婚活してもうまくいかないのは、女性は地位が低い分自分の外見を磨くのに、男性は相変わらず世界一女性へのサービスが苦手で、外見も構わないというミスマッチが指摘されている(※9) 。
しかし、男女ともに多くの場合婚活のゴールは家父長的標準家族=「主な稼ぎ手の父親と補助的な稼ぎ手の母親、子どもが2人」を作るというもので、意識は昔のままだ。言い換えれば、先に述べた家父長制にはまり込んでいくのが婚活であるが、若い世代にはそのような家族像を受け入れることに無理が生じてきている。
とくに女性は、高い教育水準を背景に小さいころから自分自身の将来像を考えなさい、と育てられてきた。たとえば30歳で結婚するとすれば、大学から10数年築いてきたキャリアの多くを捨てたりあきらめたりせざるを得ない。結婚によって劣位に立たされるのを簡単に受け入れられないのは当然だろう。
また、20歳代前半男性の非正規雇用率は4割を超え、ひとたび非正規になると安定雇用に変わるのは難しい(※10) 。

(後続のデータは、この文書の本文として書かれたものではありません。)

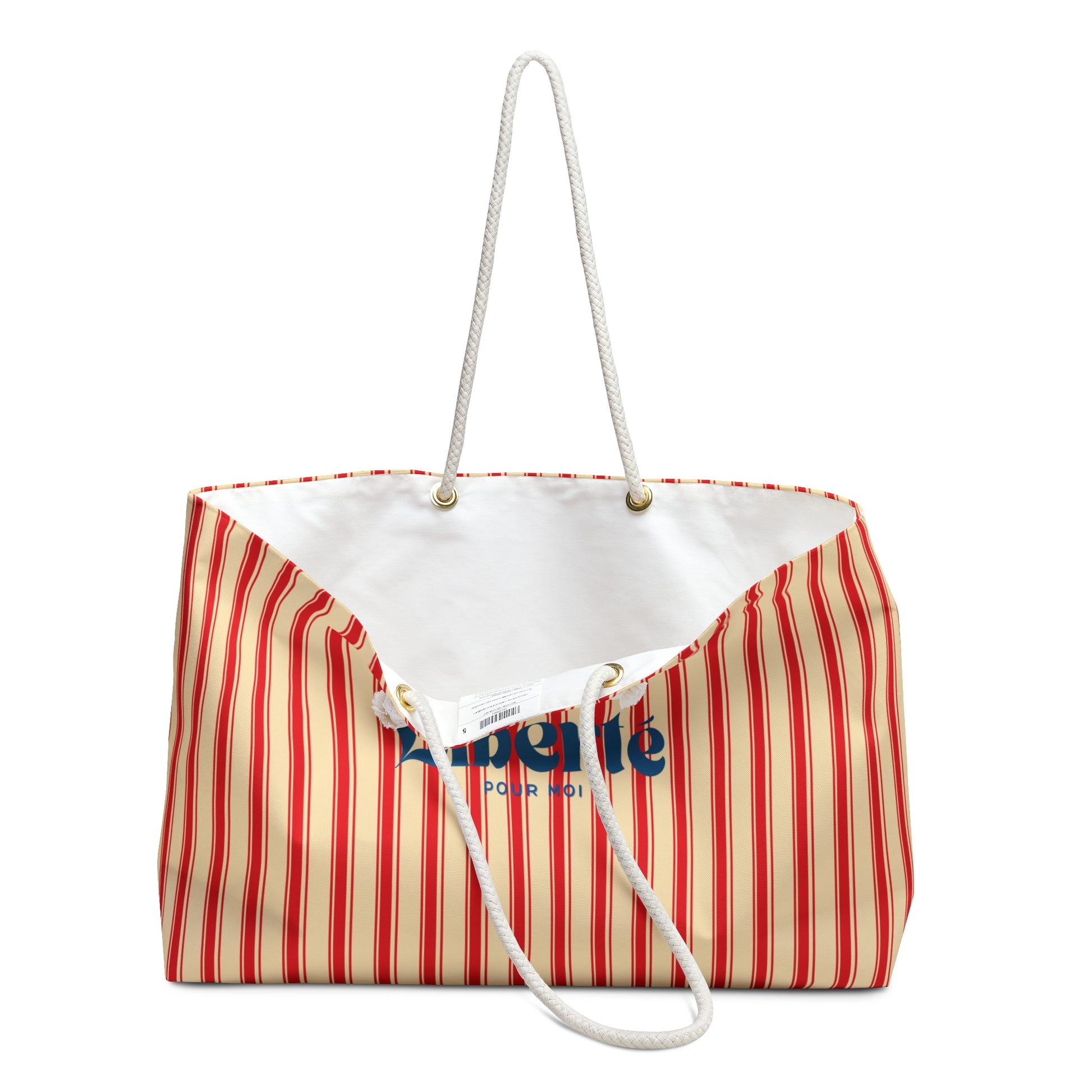 Striped beach bag with white handle on a white background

とすると妻子を養っていける経済力をもっている男性は減っているといえる。
このような状況で、50代以上の親世代がうまくいったライフススタイルを、子ども世代も合わせること自体、無理がある。にもかかわらず親世代のやり方を踏襲しようとすれば、女性は誰かに依存するかとか、男性は誰を養うといったちぐはぐな話しになってしまう。
若年女性をめぐる経済・社会的状況、心理状態などをみると、「未婚女性が結婚に夢や希望を託せない社会」というのが浮かび上がってくる。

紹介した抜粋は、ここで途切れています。